● **Try it**
Word for word, set down the records and skip each picture.

-------- Given entries

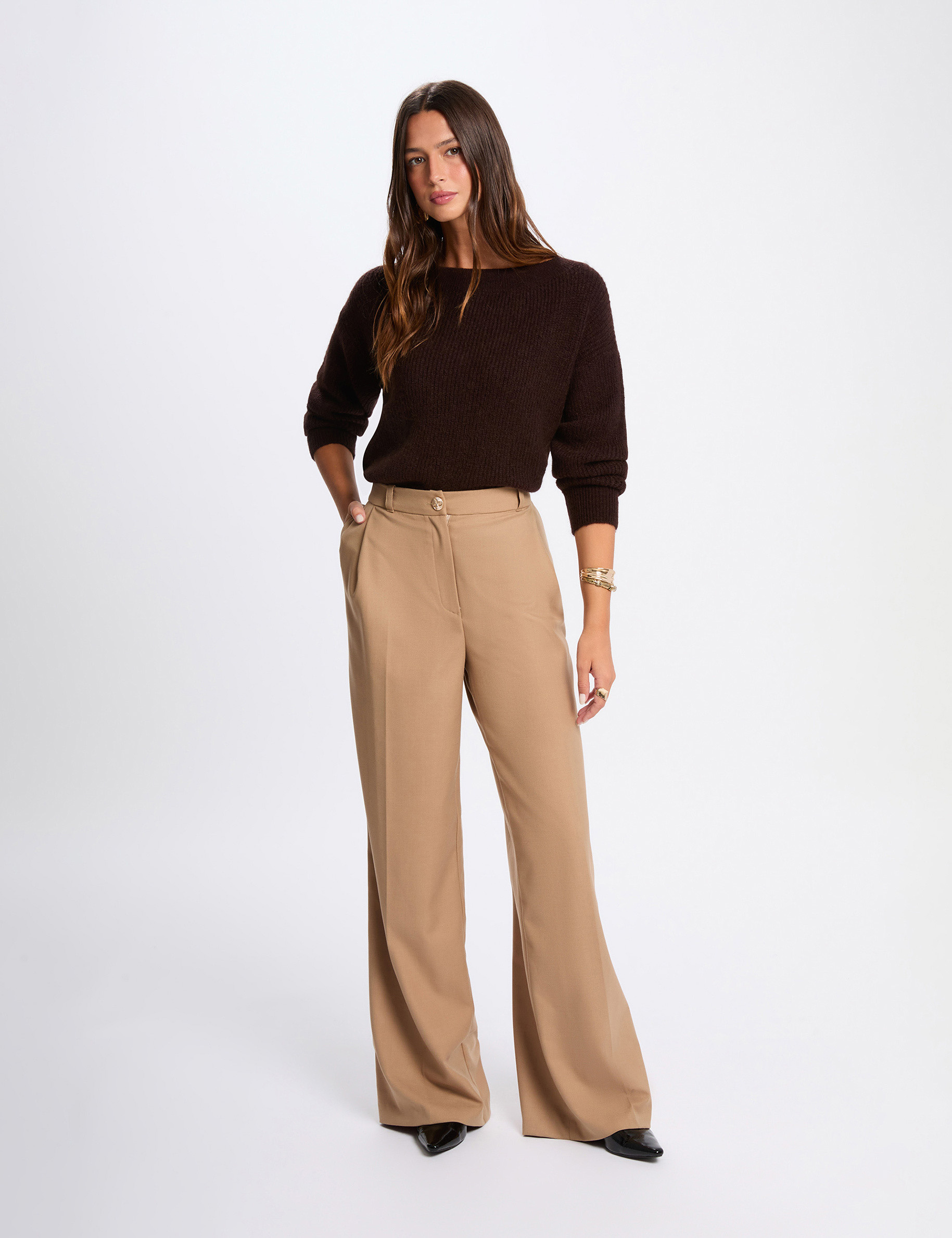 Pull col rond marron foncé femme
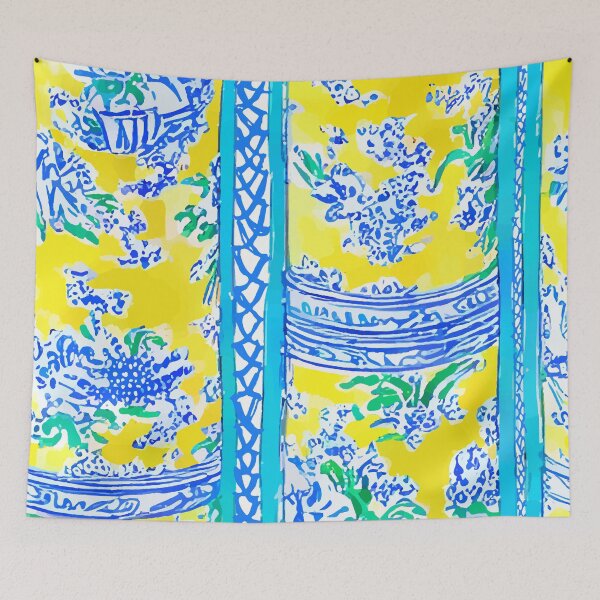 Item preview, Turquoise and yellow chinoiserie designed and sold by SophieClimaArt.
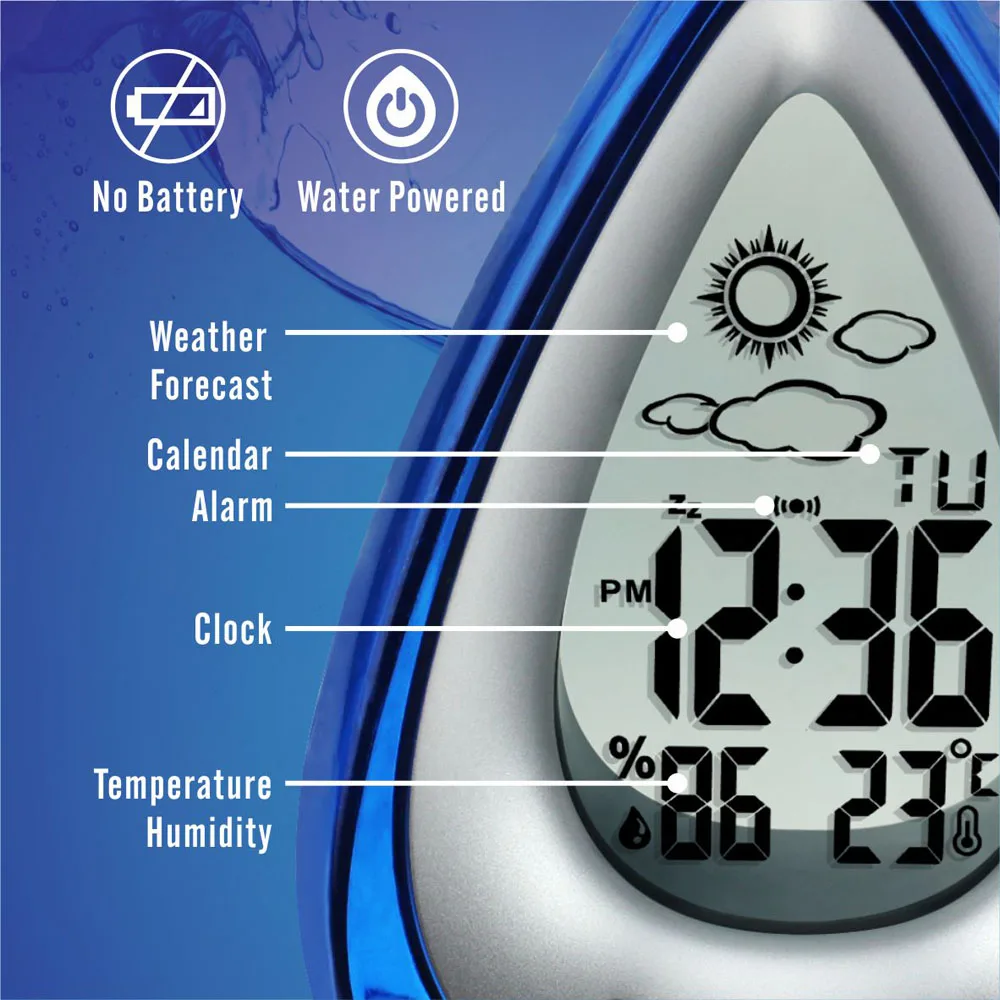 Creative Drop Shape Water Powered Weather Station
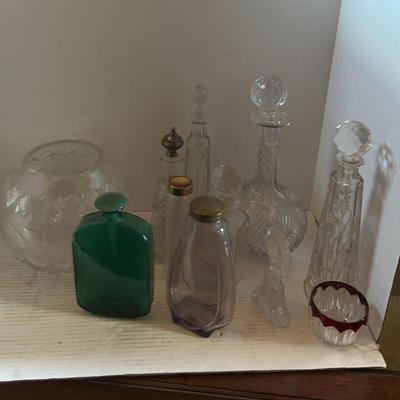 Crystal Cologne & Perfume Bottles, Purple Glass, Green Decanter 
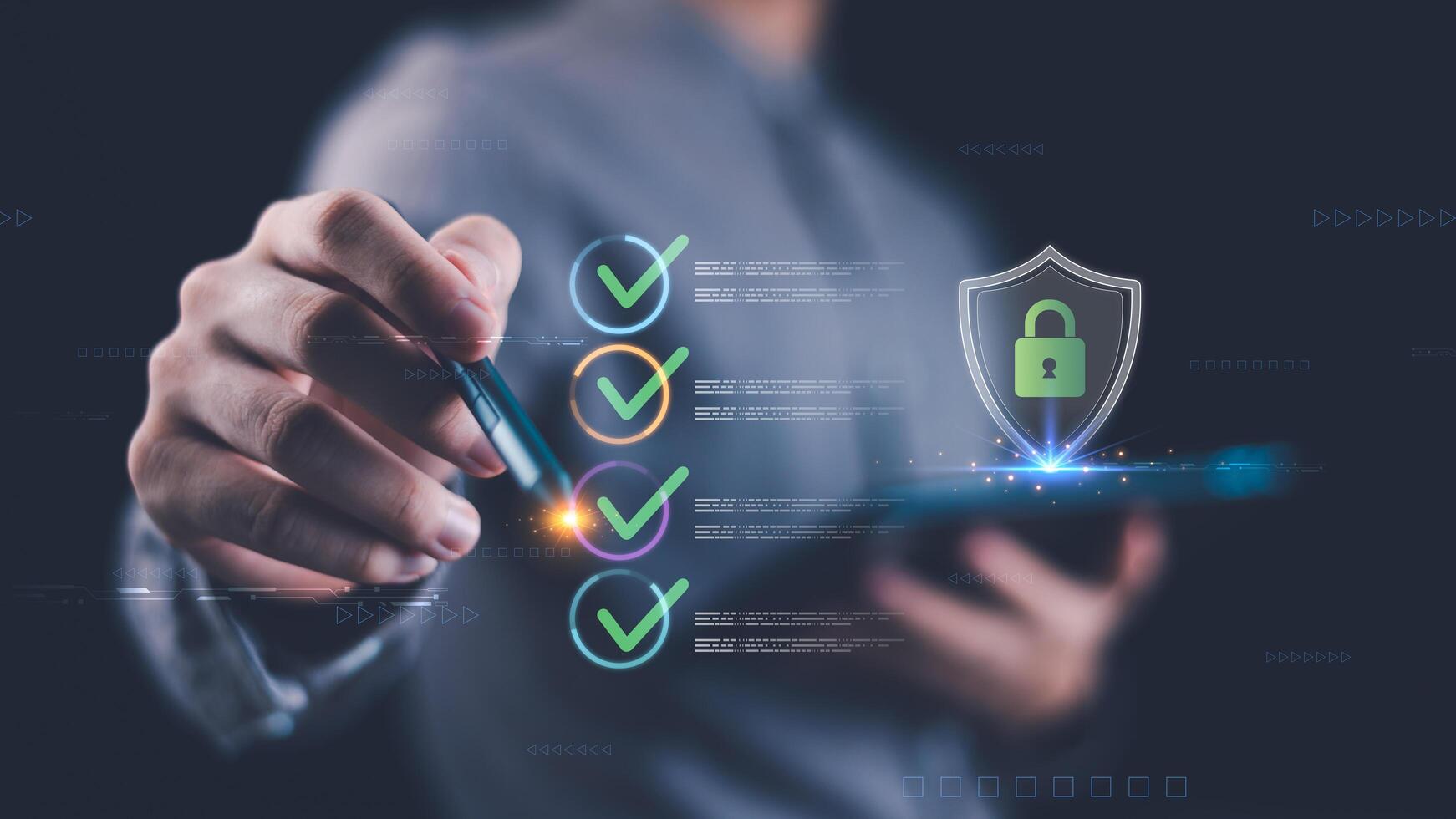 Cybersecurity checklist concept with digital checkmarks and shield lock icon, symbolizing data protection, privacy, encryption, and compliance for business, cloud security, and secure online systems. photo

----------------

● **Expected output**
 Pull col rond marron foncé femme
 Item preview, Turquoise and yellow chinoiserie designed and sold by SophieClimaArt.
 Creative Drop Shape Water Powered Weather Station
 Crystal Cologne & Perfume Bottles, Purple Glass, Green Decanter 
 Cybersecurity checklist concept with digital checkmarks and shield lock icon, symbolizing data protection, privacy, encryption, and compliance for business, cloud security, and secure online systems. photo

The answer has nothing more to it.